Vienna Sausages

© KURIER/Franz Gruber

Schottentor
05/07/2016

Lokale rund um die Uni: Feuriges für die Lernpause

Vienna Sausage oder Coffee Pirates: Studenten haben zwischen Kursen die Wahl.

von Anna-Maria Bauer, Franz Gruber

David aus New York hat es geschafft. Mario aus Mexico auch. Und Shlomi aus Israel sogar zwei Mal. Die Rede ist vom "Dog of Doom", dem schärfsten Hot Dog, den René Brandtner im "Vienna Sausage" anbietet.

Der 29-Jährige hat es sich zum Ziel gesetzt, den typischen amerikanischen Hot Dog in Wien zu etablieren. Neben klassischeren Varianten wie dem "New York Hot Dog" (mit Senf, Ketchup, Zwiebeln und natürlich Kraut) gibt es in dem kleinen Lokal mit den roten Ledersofas im Diner-Stil eben auch eine richtig feurige Version. Hier kommt eine Sauce zum Einsatz, die 800-mal schärfer als Tabasco ist.

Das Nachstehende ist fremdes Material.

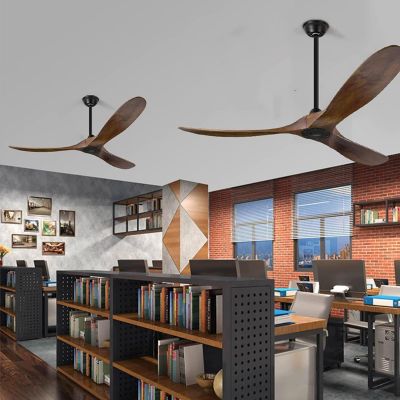 Ventilateur Plafond DC Réversible Noir et Bois sans Lumière, Télécommande - EXQUIO, 152.4 cm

Wer sich traut, den Imbiss zu probieren, darf sich auf der "Heroes of the Day"-Tafel verewigen. Obwohl das Geschäft erst seit drei Wochen offen hat, ist auf der Tafel kaum noch Platz. An vier Tagen war Brandtner gänzlich ausverkauft. Die Lage am Schottenring 1 ist offensichtlich ideal: Denn das Lokal befindet sich nicht nur neben Bürogebäuden und Luxushotels, sondern ist auch nah genug an der Universität, so dass Studenten das Angebot zwischen Vorlesungen nutzen.

Eis und Tee

Es ist noch nicht allzu lange her, da hatten Studenten der Universität Wien nicht besonders viele Alternativen in der Mittagspause. Aber in den vergangenen Jahren haben immer mehr Gastronomen das Grätzel zwischen Schottentor und Spitalgasse für sich entdeckt. Und so gibt es heute mehrere Kaffeehäuser, kleine Restaurants, aber auch Teeläden, den Eissalon Gefrorenes mit "Eis wie damals", eine Suppenbar und gemütliche Pubs.

Im Oktober 2014 eröffnete Barista Philip Feyer das "Jonas Reindl" in der Währinger Straße 2-4. In dem hellen, freundlichen Café treffen sich Studenten zum Lernen und Tratschen. Touristen laden ihre Energien auf, Angestellte nehmen sich einen Kaffee zum Gehen.

Schon im Lokalnamen zeigt sich die Verbundenheit zum Grätzel. Jonas Reindl nennen die Wiener die Straßenbahnrampe des Schottentors, die in der Zeit von Bürgermeister Franz Jonas errichtet wurde und wegen ihrer ovalen Form an ein Reindl erinnert.

Fair und nachhaltig

Der Kaffee, den Feyer in seinem Lokal anbietet, kommt aus Nicaragua. Die Kaffeebauern hat er im Zuge einer Südamerikareise besucht. Es ist ihm wichtig, genau zu wissen, wie seine Produkte hergestellt werden.

Transparent und nachhaltig zu arbeiten, darauf legen auch Evelyn Priesch und Werner Savernik Wert. Im September 2012 eröffneten sie die "Coffee Pirates" in der Spitalgasse 17 – mit Vintagemöbeln, warmer Holzeinrichtung und köstlichem Kaffee. Schon wenige Tage nach der Eröffnung reichte die Schlange bis vors Lokal. Zwei Jahre später wurde vergrößert und seit Jänner gibt es nun auch ein Pop-up-Café in der Währinger Straße 14.
Warum die Bars, Pubs und Cafés in der Gegend so großen Zuspruch finden? Coffee Pirates-Chefin Evelyn Priesch: "Hinter all den Lokalen stecken so viele nette Menschen; wir helfen uns, wo es nur geht. Es kommt schon mal vor, dass wir kurzfristig Strohhalme von der PieFactory oder Eiswürfel vom Lane & Merriman's-Pub bekommen. Und am Abend treffen wir uns dann auf ein Bier. Es ist einfach cool hier bei uns."